Cybersecurity isn’t a product, or even a collection of products. It’s a practice.
On some level, IT and business leaders know this. And yet, we continue to see organizations purchase powerful security solutions and then fail to maximize the potential of those tools. When organizations implement best-of-breed solutions but then don’t pay close attention to how those tools are actually used, money is wasted, and valuable data and systems are left vulnerable to attack.
Security frameworks are critical for organizations to understand their overall security posture. A framework also can help the IT team establish a plan and set goals to improve the organization’s posture over time. A variety of frameworks from organizations such as the National Institute of Standards and Technology and the Center for Internet Security offer guidance on security. These frameworks take into consideration business processes and policies and enhance the use of tools as part of a broader strategy — rather than as a tactical Band-Aid.
Taking the following considerations into account when evaluating your organization’s cybersecurity infrastructure can help to optimize its effectiveness.
There seems to be a pervasive notion that organizations can buy a vulnerability management tool, use it to scan their environments and then check off that box for compliance. If only it were that simple. While a vulnerability management tool is vital for alerting IT teams to security gaps in their environment, the tool itself will not actually remediate these vulnerabilities. To derive value from these solutions, organizations must also invest in staff or automated processes to close security gaps.
Managed Security Operations
Many organizations look to a third party to help them monitor their networks, provide security information and event management services or manage their security operations center. This makes sense, as some organizations simply can’t afford to employ multiple security analysts on their internal staff. Here again, though, there’s a pervasive set-it-and-forget-it misconception. Typically, when a security management firm identifies a cybersecurity event, the firm hands the incident off to the organization. Very few security management firms actually help with remediation. The common theme here? Do your homework, know what you’re buying and be ready to supplement existing investments when necessary.
IT Inventory Management
When properly configured, IT inventory management tools can help organizations to track, monitor, manage and secure their technology assets. But too often, misconfigurations lead organizations to miss vast swaths of their IT environments. Many of these tools simply scan networks, and if organizations do not set them up with the correct IP ranges, they won’t be able to pick up all of the organization’s assets.
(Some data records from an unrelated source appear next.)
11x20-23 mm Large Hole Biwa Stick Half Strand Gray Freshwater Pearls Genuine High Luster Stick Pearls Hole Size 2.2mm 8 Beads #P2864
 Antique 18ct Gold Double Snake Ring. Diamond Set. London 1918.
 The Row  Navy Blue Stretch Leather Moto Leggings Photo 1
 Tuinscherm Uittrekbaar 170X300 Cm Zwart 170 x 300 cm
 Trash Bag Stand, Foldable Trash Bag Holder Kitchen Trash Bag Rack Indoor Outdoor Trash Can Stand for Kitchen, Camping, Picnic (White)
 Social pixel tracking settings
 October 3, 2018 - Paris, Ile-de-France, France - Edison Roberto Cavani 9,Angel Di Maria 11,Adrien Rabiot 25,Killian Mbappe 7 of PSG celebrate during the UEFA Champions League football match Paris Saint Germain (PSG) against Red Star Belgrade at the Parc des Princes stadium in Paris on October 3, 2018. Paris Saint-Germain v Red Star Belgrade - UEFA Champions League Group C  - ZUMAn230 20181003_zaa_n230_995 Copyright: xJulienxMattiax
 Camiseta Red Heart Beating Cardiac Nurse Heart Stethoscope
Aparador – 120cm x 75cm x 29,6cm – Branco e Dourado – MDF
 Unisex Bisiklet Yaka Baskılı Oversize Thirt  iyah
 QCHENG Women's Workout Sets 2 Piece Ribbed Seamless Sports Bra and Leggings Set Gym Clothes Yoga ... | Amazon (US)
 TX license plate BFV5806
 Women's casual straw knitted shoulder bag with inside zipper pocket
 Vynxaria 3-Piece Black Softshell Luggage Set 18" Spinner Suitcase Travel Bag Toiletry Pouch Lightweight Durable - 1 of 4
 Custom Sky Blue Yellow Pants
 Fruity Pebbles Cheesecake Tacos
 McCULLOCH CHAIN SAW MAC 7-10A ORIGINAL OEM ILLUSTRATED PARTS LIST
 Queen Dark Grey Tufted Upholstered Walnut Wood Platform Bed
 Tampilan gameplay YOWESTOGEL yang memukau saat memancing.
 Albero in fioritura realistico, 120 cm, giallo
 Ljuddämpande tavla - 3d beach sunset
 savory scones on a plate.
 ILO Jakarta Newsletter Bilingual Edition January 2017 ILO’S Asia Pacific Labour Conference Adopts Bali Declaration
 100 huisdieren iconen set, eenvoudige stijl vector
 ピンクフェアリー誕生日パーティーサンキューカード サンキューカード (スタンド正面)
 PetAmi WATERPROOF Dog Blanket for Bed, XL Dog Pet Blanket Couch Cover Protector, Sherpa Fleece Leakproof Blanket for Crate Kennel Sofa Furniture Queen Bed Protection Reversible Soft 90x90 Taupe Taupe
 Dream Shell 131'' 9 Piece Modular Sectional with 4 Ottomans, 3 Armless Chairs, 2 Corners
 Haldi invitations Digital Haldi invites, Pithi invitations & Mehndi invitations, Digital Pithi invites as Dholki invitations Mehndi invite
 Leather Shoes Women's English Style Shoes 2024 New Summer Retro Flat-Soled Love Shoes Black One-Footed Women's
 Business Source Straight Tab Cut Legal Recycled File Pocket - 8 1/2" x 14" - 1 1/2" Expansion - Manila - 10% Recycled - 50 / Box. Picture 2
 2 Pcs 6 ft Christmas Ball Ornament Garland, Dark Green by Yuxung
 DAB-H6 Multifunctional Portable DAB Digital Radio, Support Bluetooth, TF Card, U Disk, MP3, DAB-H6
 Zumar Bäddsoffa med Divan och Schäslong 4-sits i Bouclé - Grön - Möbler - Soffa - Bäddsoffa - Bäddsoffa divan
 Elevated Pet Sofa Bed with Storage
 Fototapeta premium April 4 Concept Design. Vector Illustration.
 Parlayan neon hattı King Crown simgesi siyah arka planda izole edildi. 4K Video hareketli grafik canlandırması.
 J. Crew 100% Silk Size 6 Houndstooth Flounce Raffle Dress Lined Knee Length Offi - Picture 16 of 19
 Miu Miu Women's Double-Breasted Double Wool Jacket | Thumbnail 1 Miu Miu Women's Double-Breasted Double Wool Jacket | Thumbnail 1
Identity and Access Management
Especially with the recent rise in remote work, identity and access management tools, such as multifactor authentication, are critical for ensuring that only authorized users can access sensitive systems and data. But unless these tools are implemented across an organization, they can’t deliver their greatest value. Some companies might adopt MFA tools, for instance, but then fail to enable them on their virtual private network tunnels; that’s a huge problem.
A third party such as CDW can bring a fresh set of eyes, helping organizations assess their security environments against industry standards and best practices, and identifying areas for improvement. Frequently, organizations only truly begin to prioritize cybersecurity after they suffer a costly breach. But by being proactive, they can protect their customer data, intellectual property and reputation from significant harm.